Solved – Analyzing Ranked Data: Correlation and Factor Analysis

factor analysisrrankingspearman-rho

I had survey respondents rank a series of items in order of importance, from 1 to 7. So, if a respondent assigned a score of 1 to one variable, then none of the other variables could get a 1 as well. The dataset is replicated in test.data below. I have three questions:

  1. Should I interpret this as ranked data rather than interval data? I
    think so, but I am not sure.
  2. If they are ranked data, is it sensible to use either the Wilcoxon-Mann-Whitney U or Kruskal-Wallis test to test for differences in median (?) rankings depending on the levels of the predictor variable?
  3. If they are ranked data, could I construct a correlation matrix using Spearman's Rho?
  4. If that is possible, could I use a factor analysis on that correlation matrix to possibly reduce the dataset and measure some hypothesized underlying constructs?

I have tried to do these steps basicallly using the steps below, although I see now that there is a paper and an R package suggesting the possibility of performing factor analysis on ranked data.

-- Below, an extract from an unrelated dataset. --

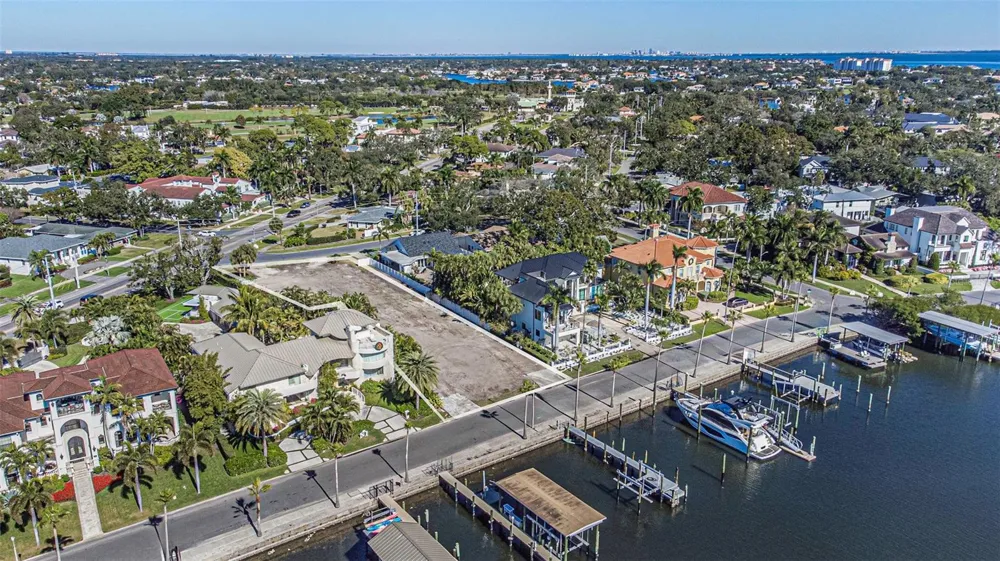 140 BRIGHTWATERS BOULEVARD NE St Petersburg, FL 33704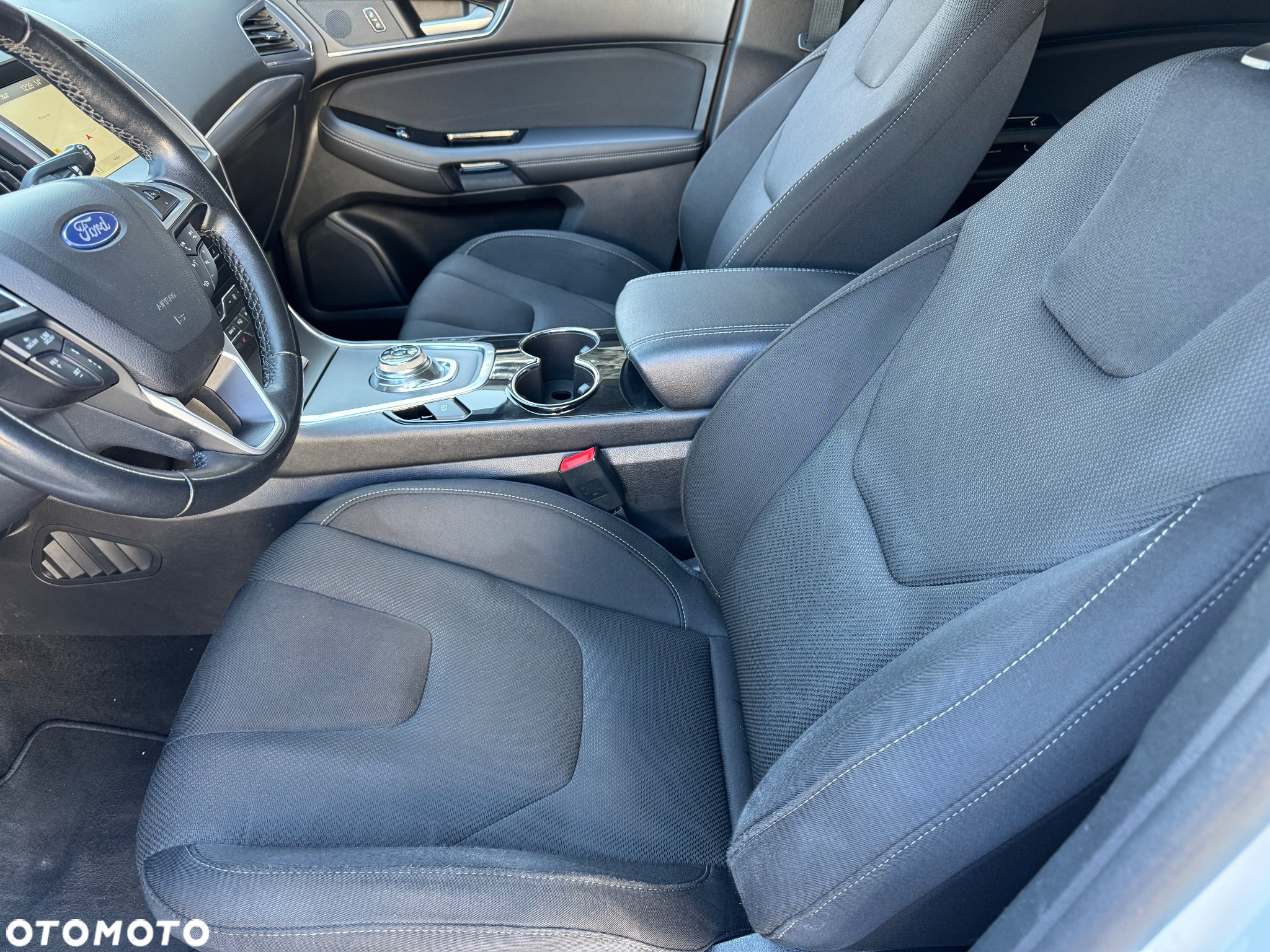 Ford S-Max - 27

R Package For Ranking Data
Yu, Lam and Lo 2005

Thank you for your suggestions.

library(psych)
#Create Data frame
test.data<-replicate(10, sample(seq(1,6,1), replace=F))

#transpose
test.data<-t(test.data)

#data frame
test.data<-data.frame(test.data)

#Provide names
names(test.data)<-c('item1', 'item2', 'item3', 'item4', 'item5', 'item6’)

#Some predictors
test.data$gender<-factor(sample(c('M', 'F'), replace=T,size=10))
    test.data$position<-factor(sample(c('Journ', 'Pol'), replace=T, size=10))

#Correlation Matrix
cor.matrix<-cor(test.data[,1:6], method=c('spearman'))

#Factor Analysis
plot(eigen(cor.matrix)$values, type='o')

fa(cor.matrix, method='pa', rotate='none', nobs=nrow(test.data))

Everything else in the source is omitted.